A Mbappé che in finale aveva sonnecchiato fino all’80°, contagiando con la sua svagatezza anche la Francia che sembrava quasi non voler entrare in partita, sono bastati due lampi in un paio di minuti per confermarsi incontenibile. E spingere poi con il secondo penalty i transalpini verso la grande illusione svanita ai rigori.

Un campionario di prodezze che gli ha lasciato l’amaro in bocca ed è servito solo a emulare l’inglese Hurst (primo autore di una tripletta nel ’66 in una finale) e a staccare di un gol Messi nella classifica dei cannonieri. La verità è che la Francia aveva meno fame dell’Argentina. A parte l’ossessione costante della grandeur tenacemente perseguita da Macron che nell’atto finale non ha esitato a liberarsi dell’aplomb presidenziale per atteggiarsi a tifoso curvarolo. Un gap di passionalità che poteva riscontrarsi anche nelle presenze allo stadio Iconico. Quarantamila argentini giunti a Doha con i charter contro poche migliaia di francesi.

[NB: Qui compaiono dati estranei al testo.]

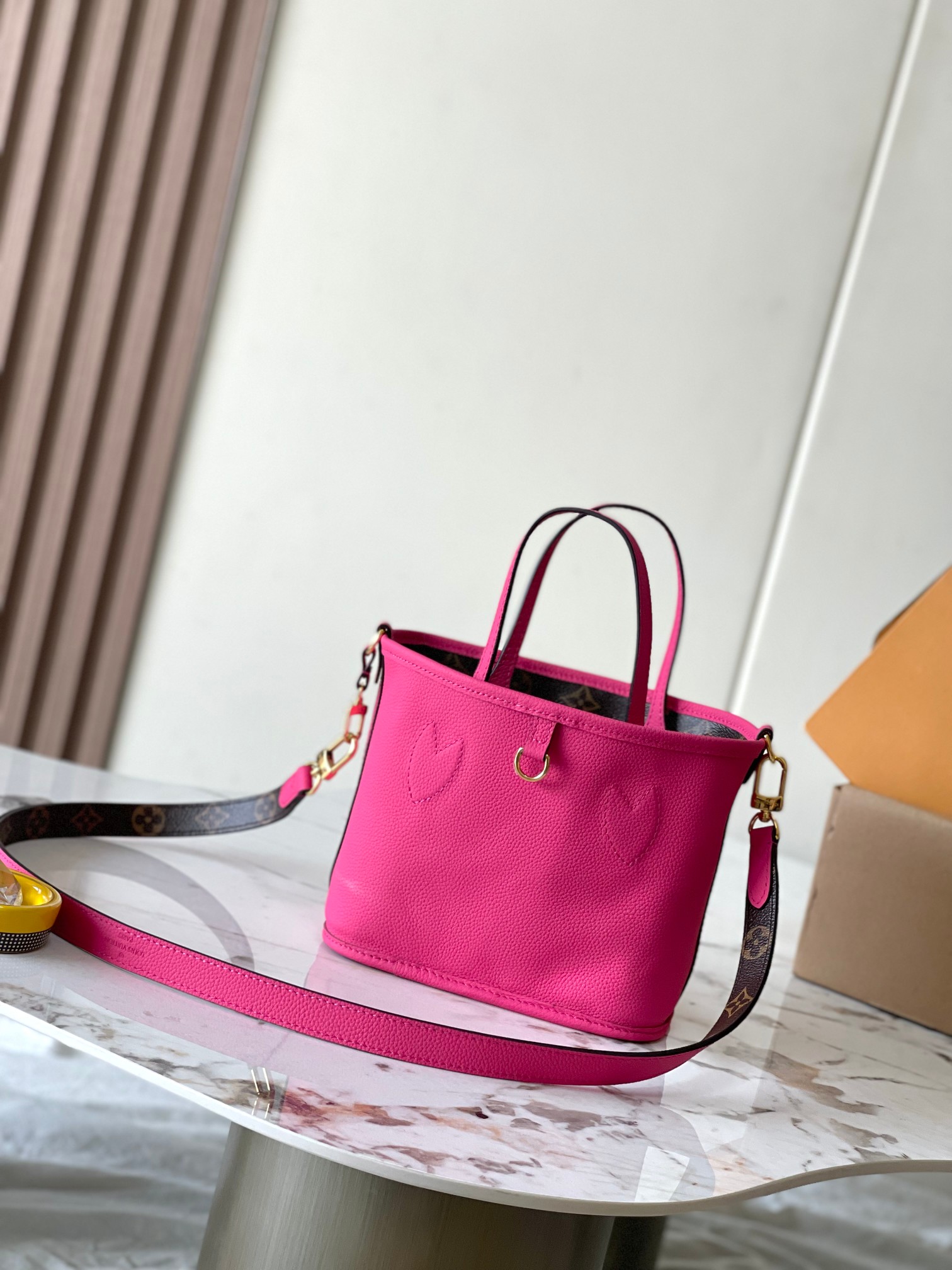Neverfull Bandouliere Inside Out BB Handbag - Image 9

Il mondiale di Doha è stato preceduto e accompagnato da mille polemiche. Ma – è onesto riconoscerlo – si è chiuso con un bilancio positivo sia dal punto di vista organizzativo che tecnico. Avveniristici e ospitali gli stadi che, insieme alle altre infrastrutture, sono costati la cifra record di 200 miliardi di euro. Rispettata la previsione dell’affluenza: circa due milioni di spettatori. Ordinata e non opprimente la gestione dell’ordine pubblico. Lo stesso contestato divieto di smercio di bevande alcoliche, in ossequio alla legge islamica, ha contribuito a placare le tensioni: non si ha notizia di risse.

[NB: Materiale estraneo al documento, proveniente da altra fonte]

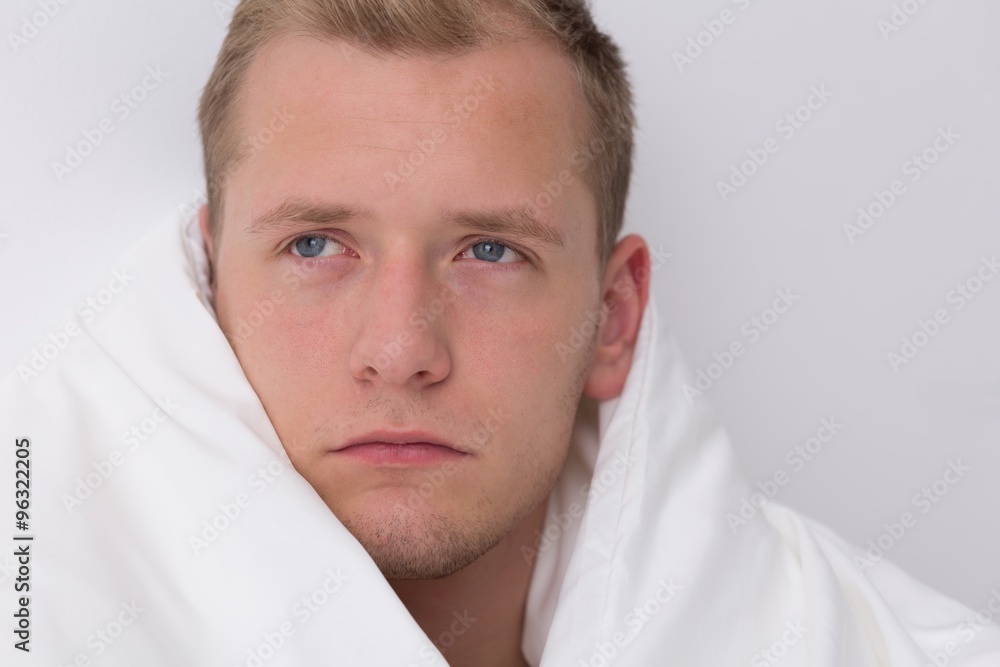 Obraz premium Wrapped up in bedclothes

Dal punto di vista strettamente calcistico l’interesse è stato dilatato da una girandola di sorprese. Con le eliminazioni premature prima di Germania, Belgio e Uruguay. E poi, negli scontri diretti, di Spagna, Inghilterra, Portogallo, Olanda e soprattutto del superfavorito Brasile. Sul piano tecnico c’è da registrare un’evoluzione: sta tramontando il tiki-taka di derivazione spagnola, il fraseggio orizzontale in attesa del momento per l’imbucata sotto rete. Le Nazionali che hanno fatto più strada hanno espresso un football più propositivo e più verticale, incluso l’outsider Marocco che ha trascinato per la prima volta l’Africa in semifinale. Dal punto di vista umano va segnalato, infine, il viale del tramonto di un’altra divinità sportiva: il quasi 38enne Cristiano Ronaldo (cinque volte pallone d’oro, due meno di Messi), per eccesso di egocentrismo diventato un corpo estraneo anche agli occhi dei tifosi portoghesi che lo idolatravano.

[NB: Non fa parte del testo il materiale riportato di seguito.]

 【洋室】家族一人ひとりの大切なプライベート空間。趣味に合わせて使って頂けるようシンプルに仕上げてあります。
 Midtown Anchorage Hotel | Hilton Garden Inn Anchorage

Si è accennato alle polemiche. Riguardavano in primo luogo l’opaca assegnazione del Mondiale al Qatar, favorito da intrecci politico-finanziari in cui risultavano evidenti le impronte dell’Eliseo. C’era poi l’esecrazione planetaria per il trattamento quasi schiavistico riservato alla manodopera asiatica che ha contribuito alla costruzione degli stadi e al rifacimento urbanistico di Doha. Il tutto, negli ultimi giorni, rinfocolato dal Qatargate, dal tentativo (reale o presunto) messo in atto dalla dinastia degli Al Thani al potere per migliorare la reputazione dell’Emirato con mazzette elargite a membri (al momento prevalentemente italiani) dell’Europarlamento o collegati a quell’istituzione. Lo scandalo lascia intravvedere sviluppi ancora più clamorosi. Il governo del Qatar, che aspirerebbe anche prima o poi a organizzare un’Olimpiade, al momento smentisce un coinvolgimento diretto. Al massimo punta l’induce su negligenze del ministro del Lavoro che non esiterebbe a scaricare. Ma, forte delle enormi riserve di gas, fa intanto anche la voce grossa minacciando in una stagione di così grave crisi energetica di interrompere le forniture.
Il minuscolo Qatar non rinuncia insomma al suo piano di ergersi come punto di riferimento nelle relazioni fra il Golfo Persico e l’Europa. Ponendosi in diretta concorrenza con gli Emirati Arabi e l‘Arabia Saudita. Un disegno strategico che passa per lo sviluppo del soft power nel campo appunto dei grandi eventi sportivi, dell’immobiliare (decine di palazzi di pregio acquisiti nel vecchio continente), del lusso (l’acquisto di prestigiose case di moda) e della comunicazione (le reti televisive Al Jazeera e BeIN). Senza però rinunciare alla rigidità dei costumi sunniti che condannano l’omosessualità e neanche prendono in considerazione il tema dell’emancipazione femminile. E, in campo politico, al sostegno del movimento integralista dei Fratelli Musulmani in Libia ed Egitto e al dialogo con gli sciiti di Teheran e con i talebani di Kabul. Pur continuando a ospitare una base americana presso Doha. Troppi piedi in una sola scarpa. Una bulimia però favorita dalle enormi ricchezze che per ragioni di realpolitik collocano l’Emirato al centro di una ragnatela di interessi contrapposti.
La Fifa ha assecondato in pieno la strategia degli Al Thani. Il presidente Infantino ha enfatizzato la riuscita dell’evento dichiarando in un eccesso di entusiasmo che quello di Doha “e’ stato il miglior mondiale di tutti i tempi”. Indubbiamente il calcio sbarcato in Arabia ha esteso i suoi orizzonti tradizionali e con i flussi turistici ha aperto nuove opportunità di scambio fra culture diverse. Infantino ha però scansato le sabbie mobili delle denunce sui diritti umani. Dichiarando che lo scopo della sua organizzazione, a cui aderiscono oltre 200 paesi, è solo quello di portare gioia allo sterminato popolo degli appassionati di football. Da qui il rifiuto di divulgare l’auspicio di pace rivolto dal leader ucraino Zelensky alla vigila della finale. Uno scarico di responsabilità pilatesco e pure contraddittorio. Che non spiega perché allora la Fifa ha sospeso la Russia dalla partecipazione ai mondiali in seguito alla guerra in Ucraina.
Fra quattro anni da una singola città il testimone passa a un territorio sterminato. Il mondiale si distribuirà in tutto il Nord America, fra Messico, Canada e prevalentemente Stati Uniti dove si svolgerà la finale e dove il football è in grande ascesa. Le ammesse alla fase conclusiva cresceranno da 32 a 48. E molto probabilmente ci sarà anche l’Italia, esclusa per ben due edizioni di fila. Passerà per la riscoperta dell’America il nostro risorgimento calcistico.